*Exercise brief*. Leaving out the pictures, copy each record below exactly.

*Data for analysis*.
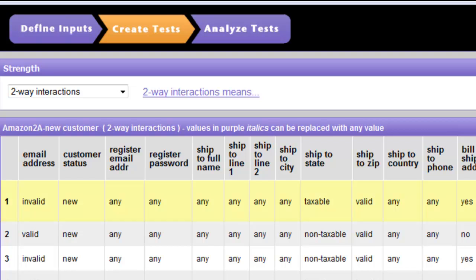What we see here is that the first test case — the Ship-to State — would literally say 'Taxable.' It wouldn't be a specific state name. And that might be fine if the person doing the testing knows which states are taxable and realizes that they really need to cycle through all of them to make certain that the calculations are correct for each different state. That possibly might be the case, but in many instances, it's not.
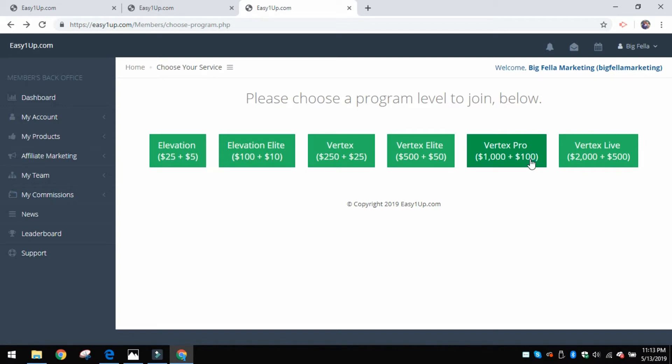When you come in at each unique level, there's also an administration fee attached to it. So I came in at the $1,000, so therefore I paid a $100 admin fee. That admin fee is paid directly to the company through like a credit card, debit card, something like that.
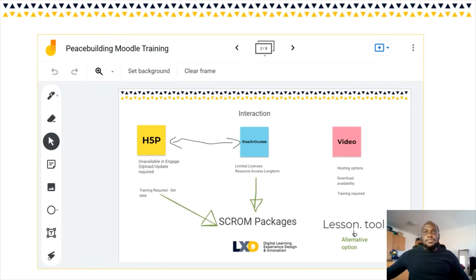H5P, Rise and Articulate — we'll chat a little bit about those later on. Different videos, and this was basically our ground floor in terms of interaction to see what we could get going in this platform.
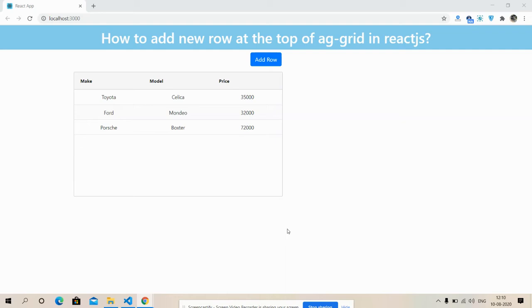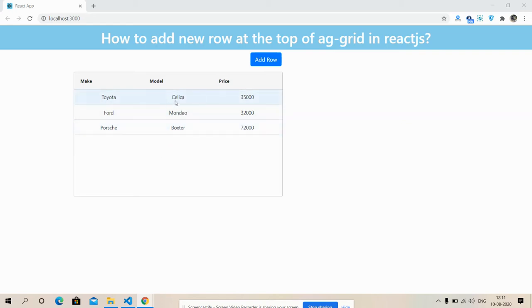how to add new row at the top of the ag-grid into our React.js application. So friends, in last video I added the row at the bottom of the ag-grid, but now I will add at the top of the section here.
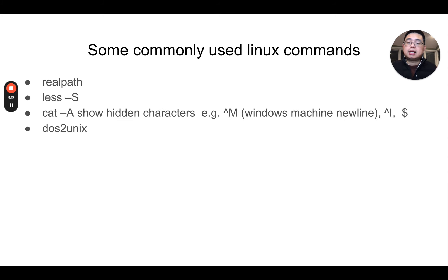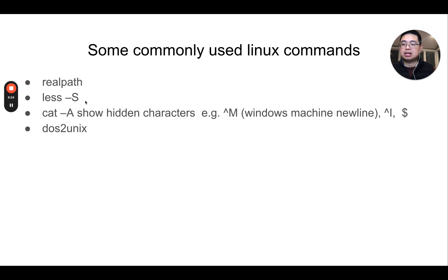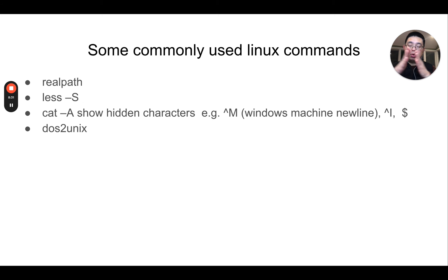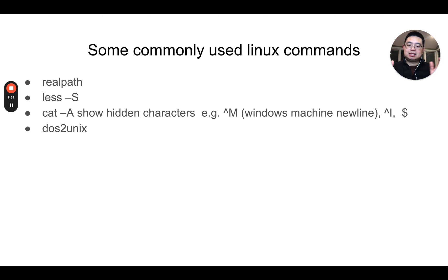There are some commonly used Linux commands worth mentioning. For example, realpath gets the full path of a file — just type realpath with a file name and you'll get the full path. And less -S: when a file's rows are too long, printing them out causes wrapping. But with less -S, the lines won't wrap and you can use the left and right arrow keys to navigate the file.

*Reply*.
What we see here is that the first test case — the Ship-to State — would literally say 'Taxable.' It wouldn't be a specific state name. And that might be fine if the person doing the testing knows which states are taxable and realizes that they really need to cycle through all of them to make certain that the calculations are correct for each different state. That possibly might be the case, but in many instances, it's not.
When you come in at each unique level, there's also an administration fee attached to it. So I came in at the $1,000, so therefore I paid a $100 admin fee. That admin fee is paid directly to the company through like a credit card, debit card, something like that.
H5P, Rise and Articulate — we'll chat a little bit about those later on. Different videos, and this was basically our ground floor in terms of interaction to see what we could get going in this platform.
how to add new row at the top of the ag-grid into our React.js application. So friends, in last video I added the row at the bottom of the ag-grid, but now I will add at the top of the section here.
There are some commonly used Linux commands worth mentioning. For example, realpath gets the full path of a file — just type realpath with a file name and you'll get the full path. And less -S: when a file's rows are too long, printing them out causes wrapping. But with less -S, the lines won't wrap and you can use the left and right arrow keys to navigate the file.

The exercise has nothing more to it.